Karmali holds a Master's in Photography from the School of Visual Arts, New York. He was awarded a Pollock-Krasner Foundation Grant and a Lower East Side Printshop Keyholder Residency. He was an artist in residence at The Watermill Center and Montello Foundation, Triangle Arts Association, Pioneer Works, Trestle Gallery, the MacDowell Colony, and BRIC.
His solo exhibitions include Eternal Rent at Management Gallery, New York (2024), and Bound Between Cliffs at Circle Art Gallery (2022). Notable group exhibitions include Water Scarcity: Perpetual Thirst at Wave Hill, New York (2022); Fictions at Circle Art Gallery (2022); Omniscient: Queer Documentation in an Image Culture at the Leslie-Lohman Museum of Art, New York (2021); Heimaten at the Museum für Kunst und Gewerbe, Hamburg (2021); Second Careers at the Cleveland Museum of Art (2020); and Paper Borders at IPCNY, New York (2019).

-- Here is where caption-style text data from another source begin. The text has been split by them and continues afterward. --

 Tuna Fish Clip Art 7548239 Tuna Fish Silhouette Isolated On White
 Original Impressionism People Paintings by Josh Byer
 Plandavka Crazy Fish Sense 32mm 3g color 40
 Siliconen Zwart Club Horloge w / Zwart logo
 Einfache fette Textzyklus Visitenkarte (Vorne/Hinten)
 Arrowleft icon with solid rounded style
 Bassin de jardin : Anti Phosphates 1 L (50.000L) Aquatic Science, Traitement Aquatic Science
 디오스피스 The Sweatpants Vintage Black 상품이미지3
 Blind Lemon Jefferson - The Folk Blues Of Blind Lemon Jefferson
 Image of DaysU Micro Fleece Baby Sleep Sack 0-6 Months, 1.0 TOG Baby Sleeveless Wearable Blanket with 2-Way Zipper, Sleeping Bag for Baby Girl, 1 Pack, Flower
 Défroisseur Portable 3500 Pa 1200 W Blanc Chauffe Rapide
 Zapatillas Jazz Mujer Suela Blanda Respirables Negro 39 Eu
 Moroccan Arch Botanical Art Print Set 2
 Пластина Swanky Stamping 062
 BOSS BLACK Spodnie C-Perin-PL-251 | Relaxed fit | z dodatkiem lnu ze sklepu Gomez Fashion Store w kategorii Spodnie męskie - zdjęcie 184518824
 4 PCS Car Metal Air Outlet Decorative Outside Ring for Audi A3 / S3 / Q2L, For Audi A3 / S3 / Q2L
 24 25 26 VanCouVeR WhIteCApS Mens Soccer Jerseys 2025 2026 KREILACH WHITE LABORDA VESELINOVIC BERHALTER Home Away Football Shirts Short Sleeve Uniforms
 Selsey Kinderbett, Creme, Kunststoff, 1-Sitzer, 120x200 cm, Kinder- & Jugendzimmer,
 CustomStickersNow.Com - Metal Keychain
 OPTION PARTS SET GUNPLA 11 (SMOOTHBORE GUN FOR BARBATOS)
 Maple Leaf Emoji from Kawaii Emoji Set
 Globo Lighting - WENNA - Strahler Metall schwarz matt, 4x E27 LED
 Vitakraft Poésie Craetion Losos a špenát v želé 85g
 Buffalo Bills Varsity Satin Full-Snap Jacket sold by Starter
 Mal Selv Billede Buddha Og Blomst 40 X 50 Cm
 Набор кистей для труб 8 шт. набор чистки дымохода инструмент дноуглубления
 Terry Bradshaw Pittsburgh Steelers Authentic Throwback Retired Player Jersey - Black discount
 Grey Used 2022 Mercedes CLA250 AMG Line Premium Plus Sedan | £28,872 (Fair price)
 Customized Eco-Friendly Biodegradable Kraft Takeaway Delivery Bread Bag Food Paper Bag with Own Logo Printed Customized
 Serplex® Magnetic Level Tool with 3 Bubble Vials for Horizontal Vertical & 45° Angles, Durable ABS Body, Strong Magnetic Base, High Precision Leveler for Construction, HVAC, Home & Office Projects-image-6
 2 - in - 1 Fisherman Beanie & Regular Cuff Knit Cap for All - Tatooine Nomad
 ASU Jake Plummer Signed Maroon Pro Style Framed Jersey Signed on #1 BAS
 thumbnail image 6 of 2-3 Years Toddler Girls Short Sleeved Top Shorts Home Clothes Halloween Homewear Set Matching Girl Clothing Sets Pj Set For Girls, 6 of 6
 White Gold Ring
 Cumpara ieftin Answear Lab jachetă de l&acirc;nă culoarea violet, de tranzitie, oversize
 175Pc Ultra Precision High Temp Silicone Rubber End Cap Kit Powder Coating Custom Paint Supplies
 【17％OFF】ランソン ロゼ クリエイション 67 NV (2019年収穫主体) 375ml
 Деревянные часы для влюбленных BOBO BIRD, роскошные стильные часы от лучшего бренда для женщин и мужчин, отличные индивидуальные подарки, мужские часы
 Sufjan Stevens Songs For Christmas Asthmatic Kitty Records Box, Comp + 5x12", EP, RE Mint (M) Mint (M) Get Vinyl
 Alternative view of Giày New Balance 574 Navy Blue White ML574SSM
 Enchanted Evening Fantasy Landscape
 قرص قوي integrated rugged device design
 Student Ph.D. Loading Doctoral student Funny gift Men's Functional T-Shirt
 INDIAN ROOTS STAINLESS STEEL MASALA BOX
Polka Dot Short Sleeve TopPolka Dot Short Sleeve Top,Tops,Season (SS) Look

He has participated in major art fairs including The Armory Show, New York, and the 1–54 Contemporary African Art Fair, London (2022). This was followed by the group exhibition Eastern Voices at Addis Fine Art, London (2023), and participation in the Dakar Biennale (2024). Residencies include Montello, Nevada (2021), and the Watermill Center, New York State (2020). In 2019, Karmali was commissioned to create new work for the inaugural Open Call at The Shed, New York. In 2022, his work Swallowing Soil (The Scream 2) was selected for display at The Rockefeller Foundation’s headquarters in New York following his participation in The Armory Show.
In 2025, he participated in Frieze New York and had his second solo exhibition, Hang Me Between Your Windows, at Circle Art Gallery.